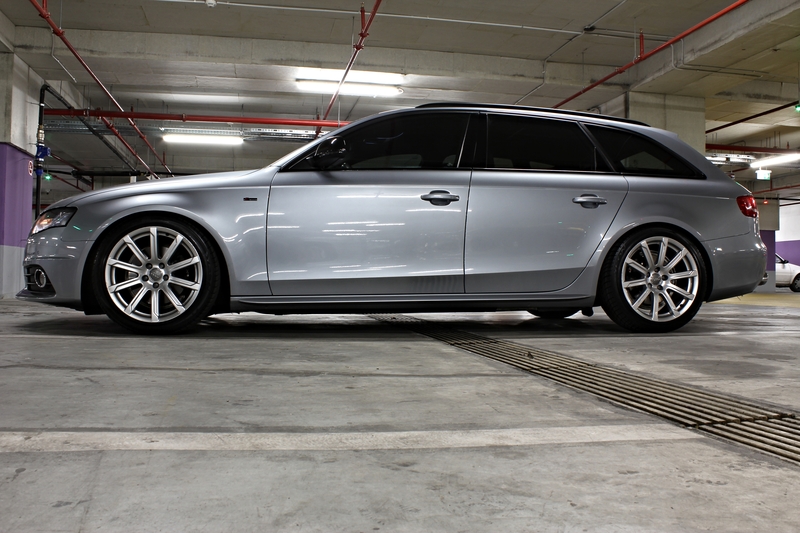 photo 1 Audi A4 custom wheels OEM Audi 18x8.5, ET +29, tire size 245/40 R18. x ET
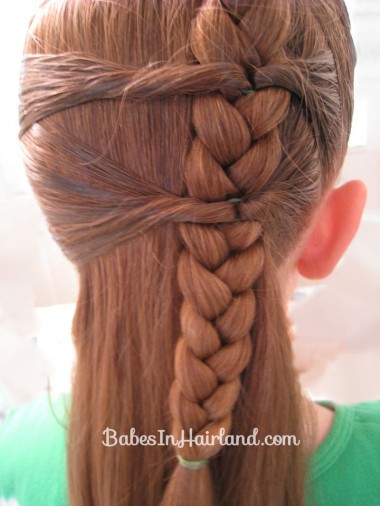 Side Braid and a Topsy Tail Twist (7)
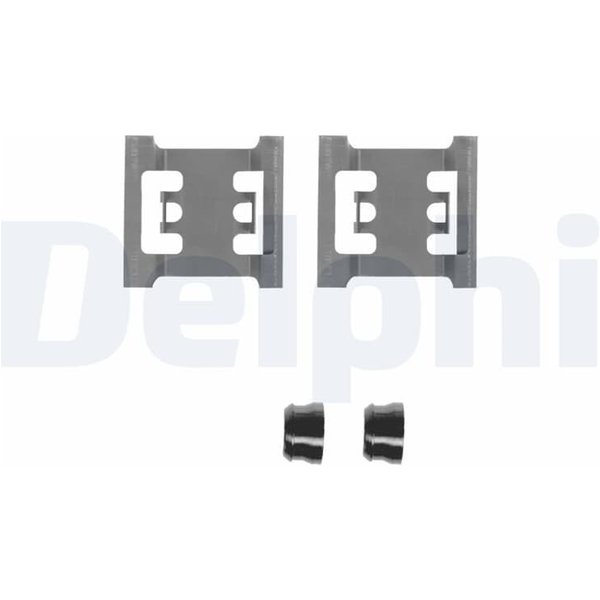 Delphi ZubehöR FüR BremsbeläGe Vorne Ford Transit 2,0 2,4 2,5-image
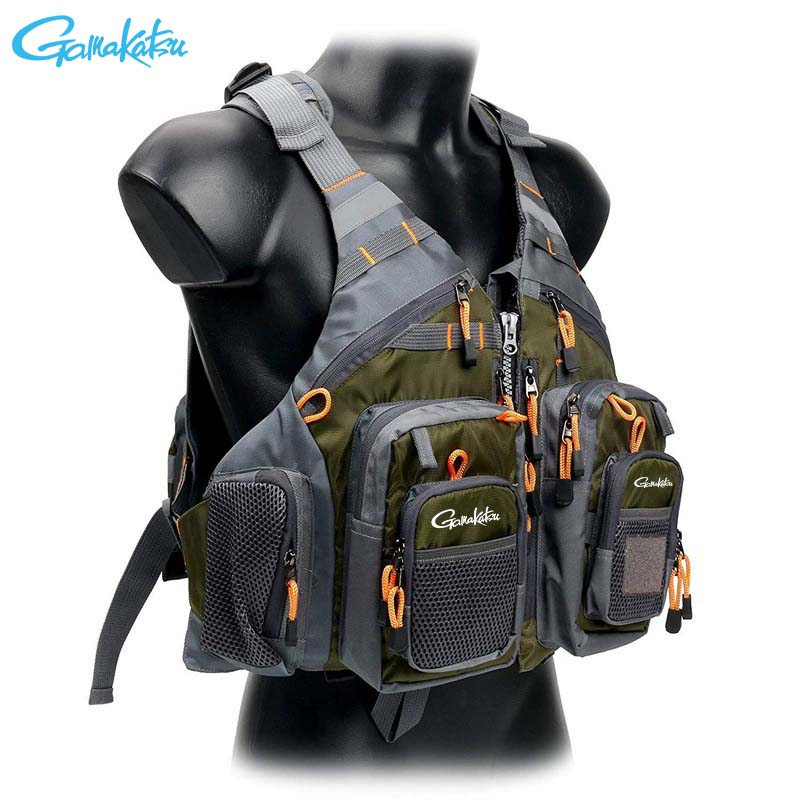 Спасательный жилет Gamakatsu д – обзор и цена Fishing Jacket Waterproof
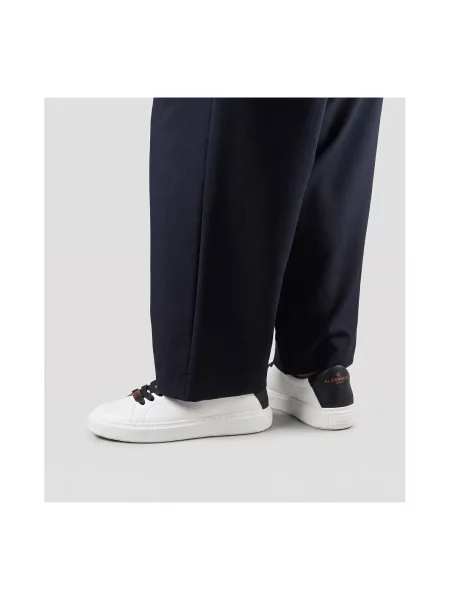 Pantofi Alexander Smith alb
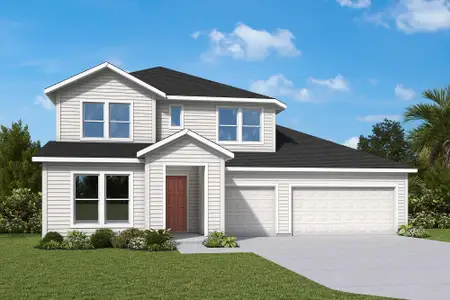 New construction Single-Family house Green Cove Springs, FL 32043 plan The Tomwood - image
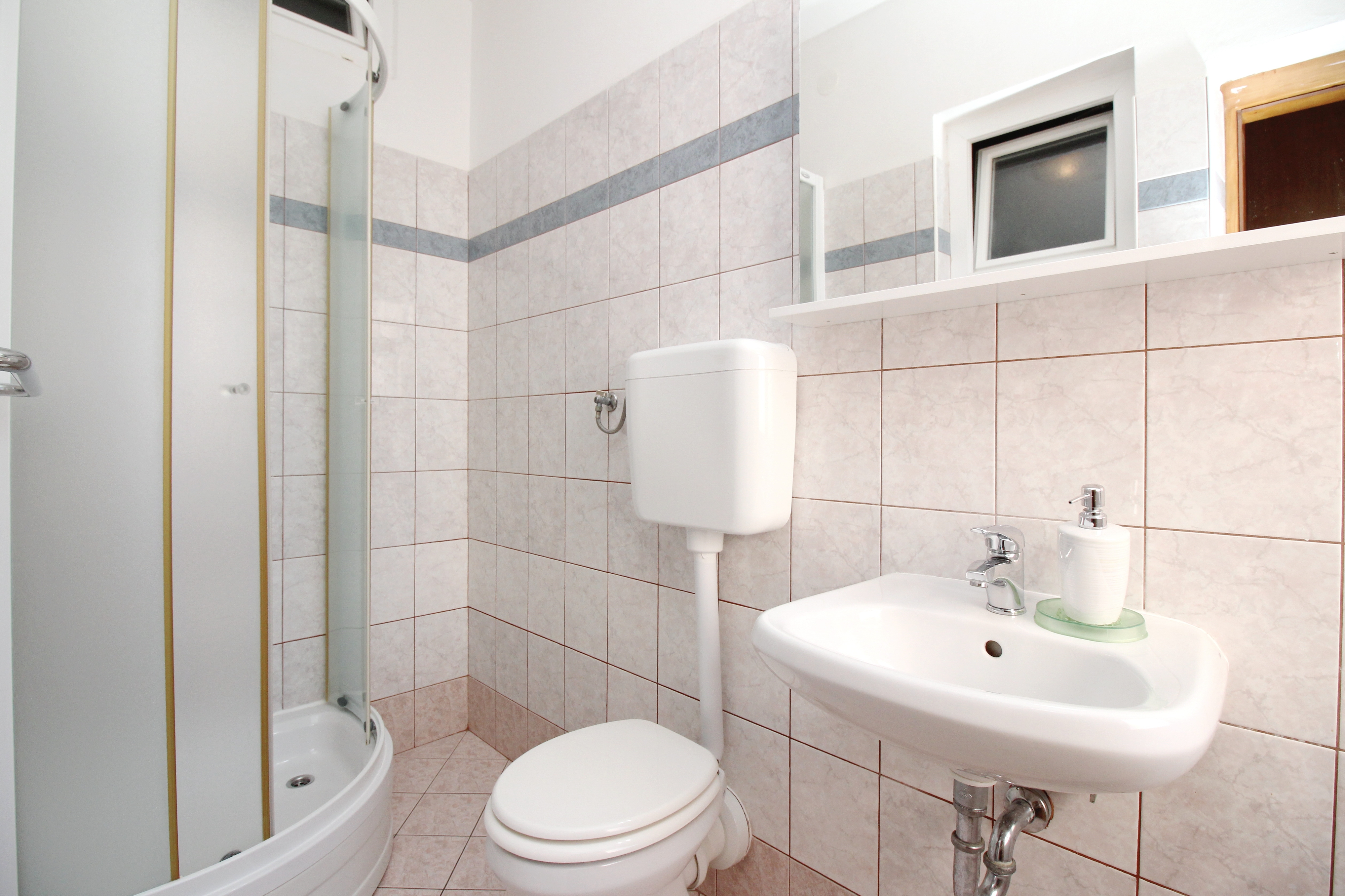 Three bedroom apartment with balcony Baška, Krk  A-d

_Exercise objective_:
Starting with the line that contains "Pantofi Alexander Smith alb", print every remaining line of the records above, exactly as it stands. Do not print the pictures.

_The answer_:
 Pantofi Alexander Smith alb
 New construction Single-Family house Green Cove Springs, FL 32043 plan The Tomwood - image
 Three bedroom apartment with balcony Baška, Krk  A-d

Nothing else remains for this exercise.